"Fast" way to calculate $\int_{-1}^1\dfrac{x}{x^6+\mathrm{i}} dx$ by hand?

Question

Is there a faster way to calculate

$\int_{-1}^1\dfrac{x}{x^6+\mathrm{i}} dx$

than here:

https://www.integral-calculator.com/#expr=x%2F%28x%5E6%2Bi%29&lbound=-1&ubound=1

Answer 1

Since the integrand is an odd function, i.e. $f(-x)=-f(x)$ between oposing limits, we know that the integral is zero. Proof:

$$I=\int_{-a}^a f(x)\,\textrm{d}x = \int_{-a}^0f(x)\,\textrm{d}x+\int_{0}^af(x)\,\textrm{d}x$$

Now say for the first integral $x=-z$, hence $\textrm{d}x=-\textrm{d}z$, thus

$$I=\int_{a}^0f(z)\,\textrm{d}z+\int_{0}^af(x)\,\textrm{d}x=-\int_{0}^af(z)\,\textrm{d}z+\int_{0}^af(x)\,\textrm{d}x=0$$

Answer 2

The solution is suggested in comments. Summarizing:

The function is continuous on $[-1,1]$, hence integrable. We choose a uniform division of $[0,1]$ (and symmetrically $[-1,0]$) and values in the right (symmetrically: left on $[-1,0]$) ends.
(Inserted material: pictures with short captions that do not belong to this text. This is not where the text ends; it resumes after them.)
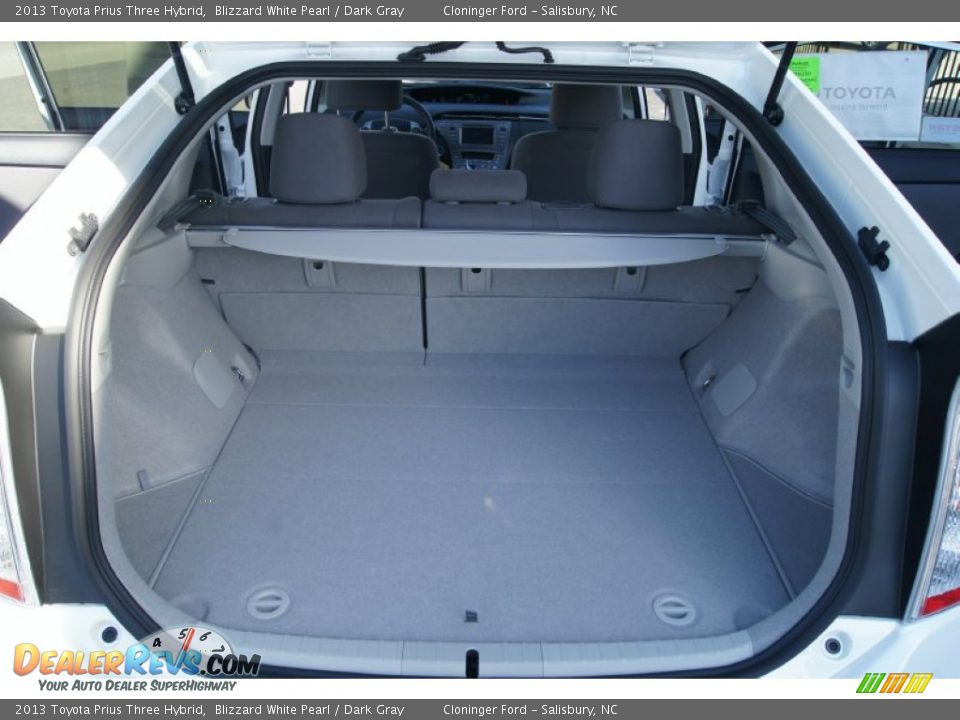 2013 Toyota Prius Three Hybrid Blizzard White Pearl / Dark Gray Photo #13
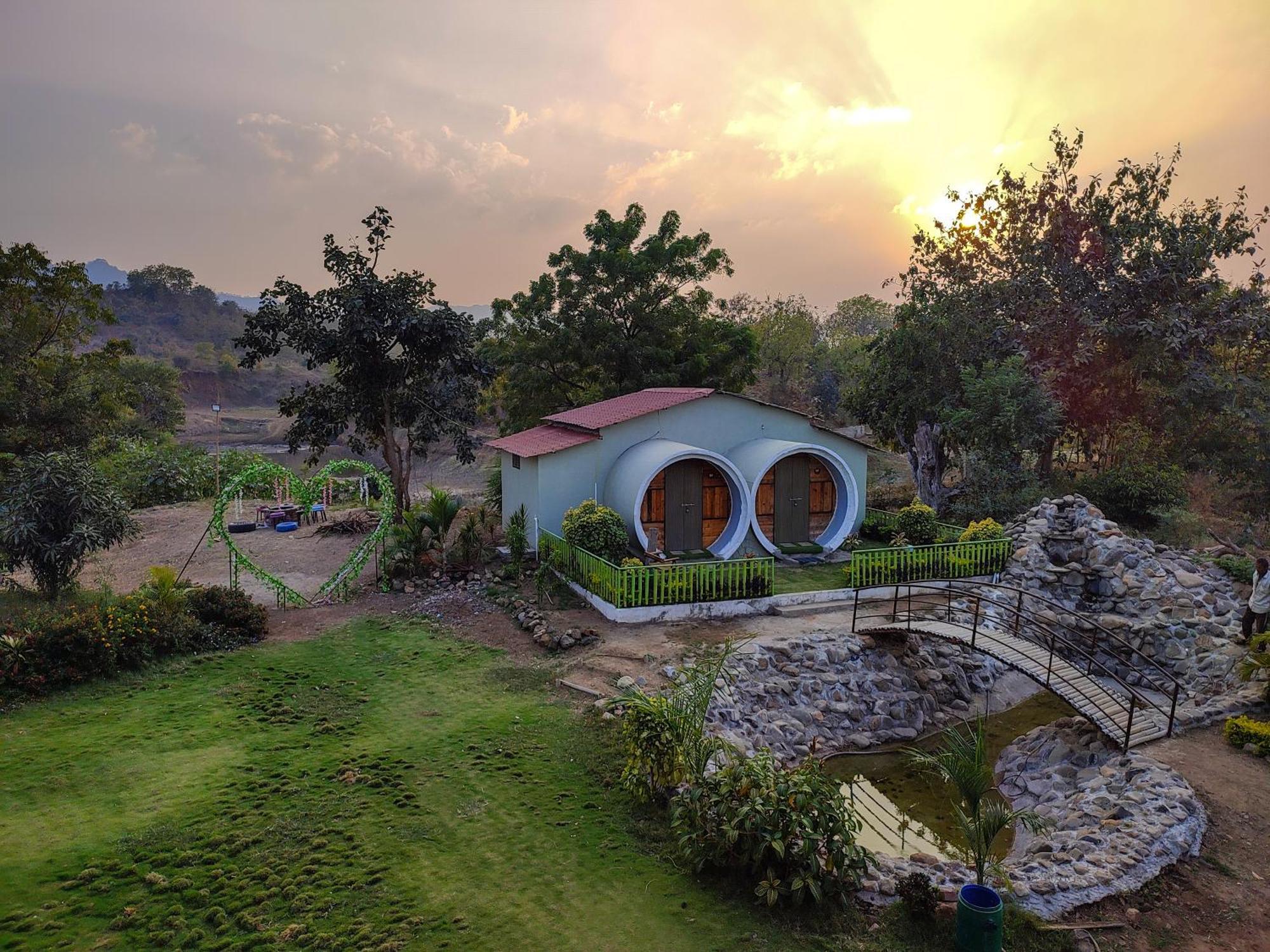 Van Vagdo Resort Rajpipla Exterior photo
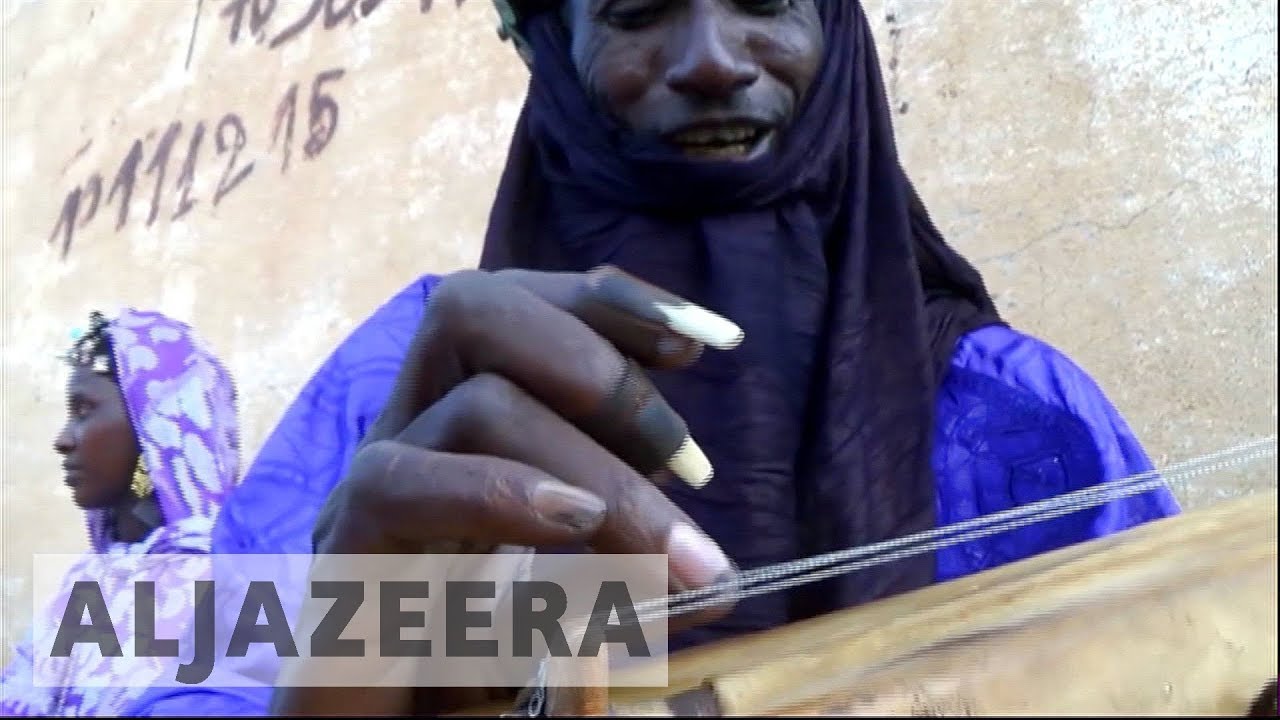 Music helps unite West Africa's Tuareg community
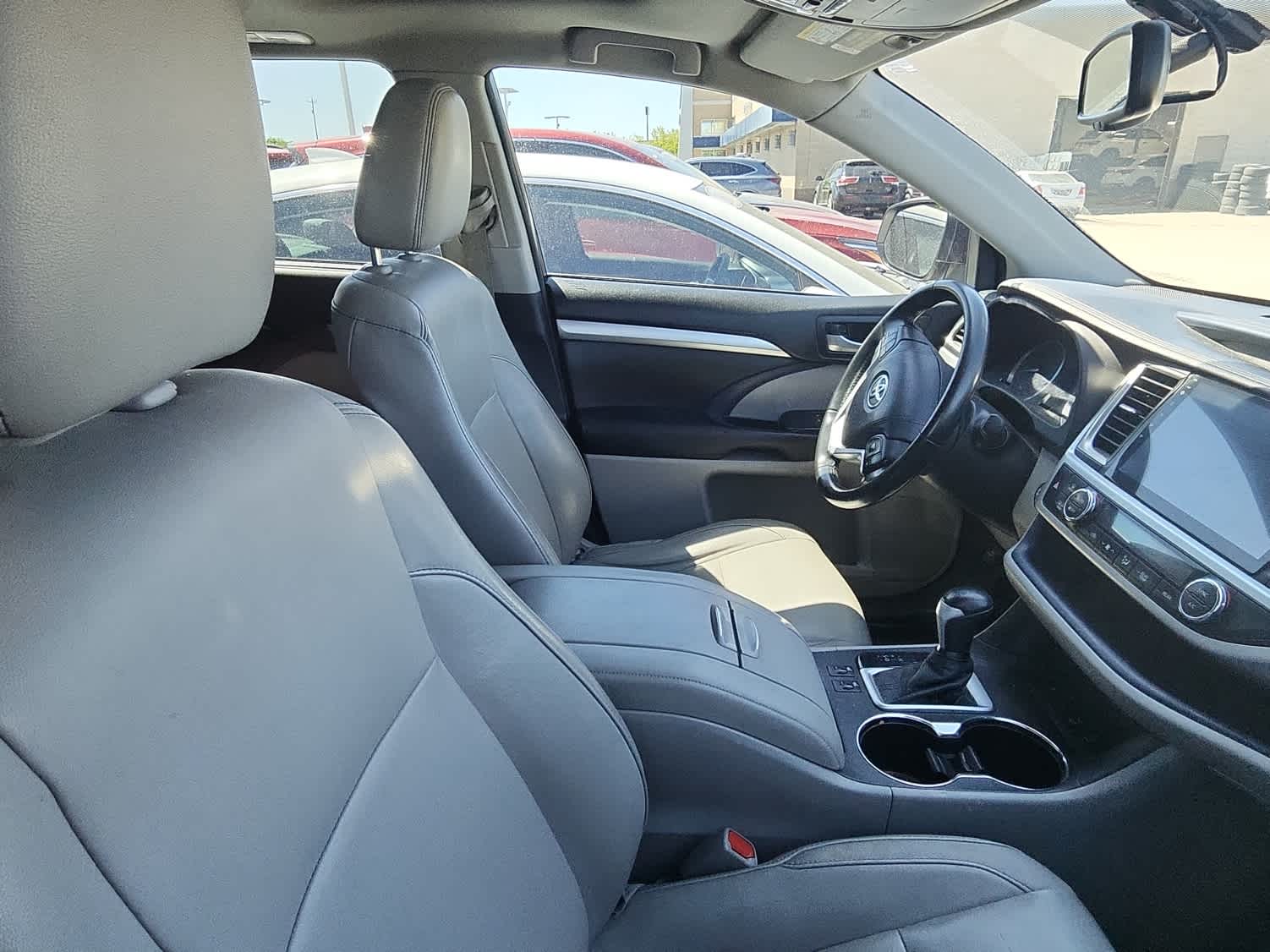 Thumbnail: 2016 Toyota Highlander - 10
Every such a sum is equal to zero, hence the integral is equal to zero.

All is done in mind, so it seems to be the quickest method.

Answer 3

$$\frac x{x^6+i}=\frac{x(x^6-i)}{x^{12}+1}$$ and both the real and imaginary parts are odd functions, hence $0$.